Activity
In the material below, find the line containing "100% Cotton Hill" and the line containing "Online Miros Garten-Essgruppe, anthrazit/dark". Output those two lines and all lines between them exactly, without pictures.

Task material
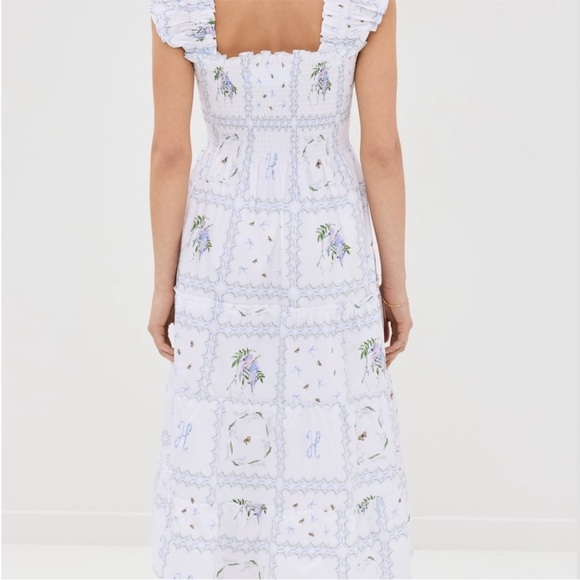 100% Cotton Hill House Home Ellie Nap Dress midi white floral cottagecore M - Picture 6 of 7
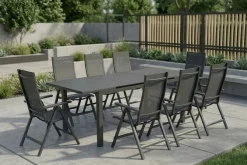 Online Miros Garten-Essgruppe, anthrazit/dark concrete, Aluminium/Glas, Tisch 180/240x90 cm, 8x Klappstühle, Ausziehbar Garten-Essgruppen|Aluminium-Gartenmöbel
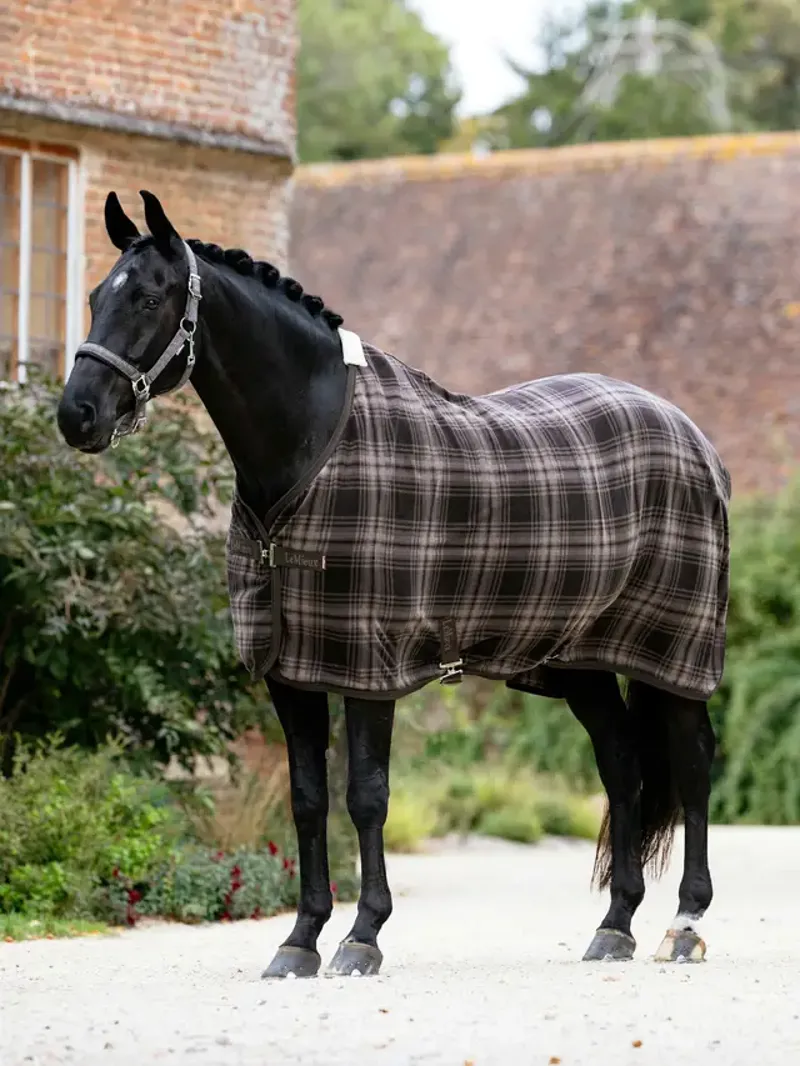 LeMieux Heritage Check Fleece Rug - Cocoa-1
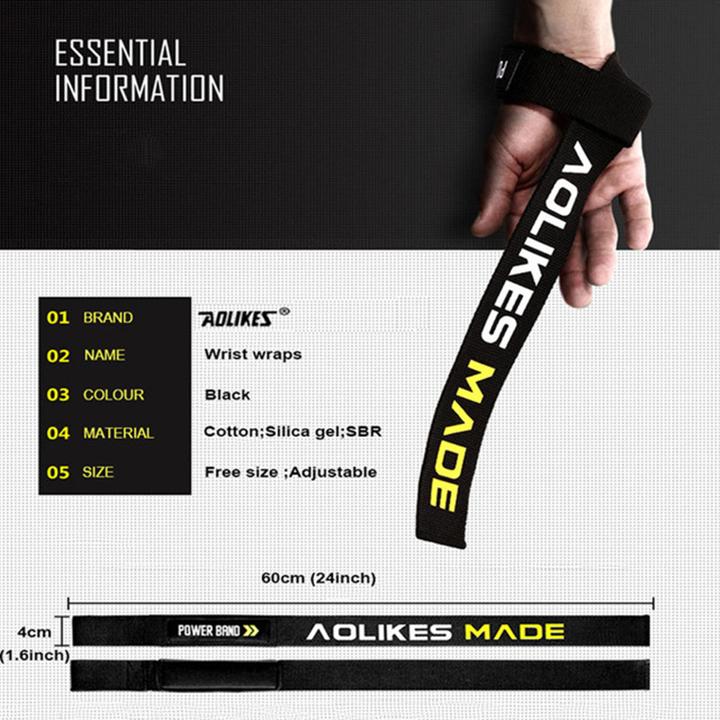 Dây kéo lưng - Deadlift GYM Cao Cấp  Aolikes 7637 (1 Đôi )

--

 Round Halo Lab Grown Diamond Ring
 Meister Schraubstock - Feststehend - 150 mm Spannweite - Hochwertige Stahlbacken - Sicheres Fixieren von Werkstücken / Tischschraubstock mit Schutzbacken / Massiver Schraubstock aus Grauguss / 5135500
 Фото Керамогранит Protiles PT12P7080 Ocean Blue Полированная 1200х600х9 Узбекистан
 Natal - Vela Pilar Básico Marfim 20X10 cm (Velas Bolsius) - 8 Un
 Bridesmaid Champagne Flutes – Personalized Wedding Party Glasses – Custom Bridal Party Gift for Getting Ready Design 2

* * *

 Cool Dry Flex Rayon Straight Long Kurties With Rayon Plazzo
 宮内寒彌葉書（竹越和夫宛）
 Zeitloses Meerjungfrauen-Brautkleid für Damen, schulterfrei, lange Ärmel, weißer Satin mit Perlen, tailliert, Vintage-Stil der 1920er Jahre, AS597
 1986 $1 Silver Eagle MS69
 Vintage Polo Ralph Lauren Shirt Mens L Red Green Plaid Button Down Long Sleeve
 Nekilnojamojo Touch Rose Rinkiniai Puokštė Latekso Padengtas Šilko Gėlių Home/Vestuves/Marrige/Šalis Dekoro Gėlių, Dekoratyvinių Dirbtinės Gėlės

Result below
 100% Cotton Hill House Home Ellie Nap Dress midi white floral cottagecore M - Picture 6 of 7
 Online Miros Garten-Essgruppe, anthrazit/dark concrete, Aluminium/Glas, Tisch 180/240x90 cm, 8x Klappstühle, Ausziehbar Garten-Essgruppen|Aluminium-Gartenmöbel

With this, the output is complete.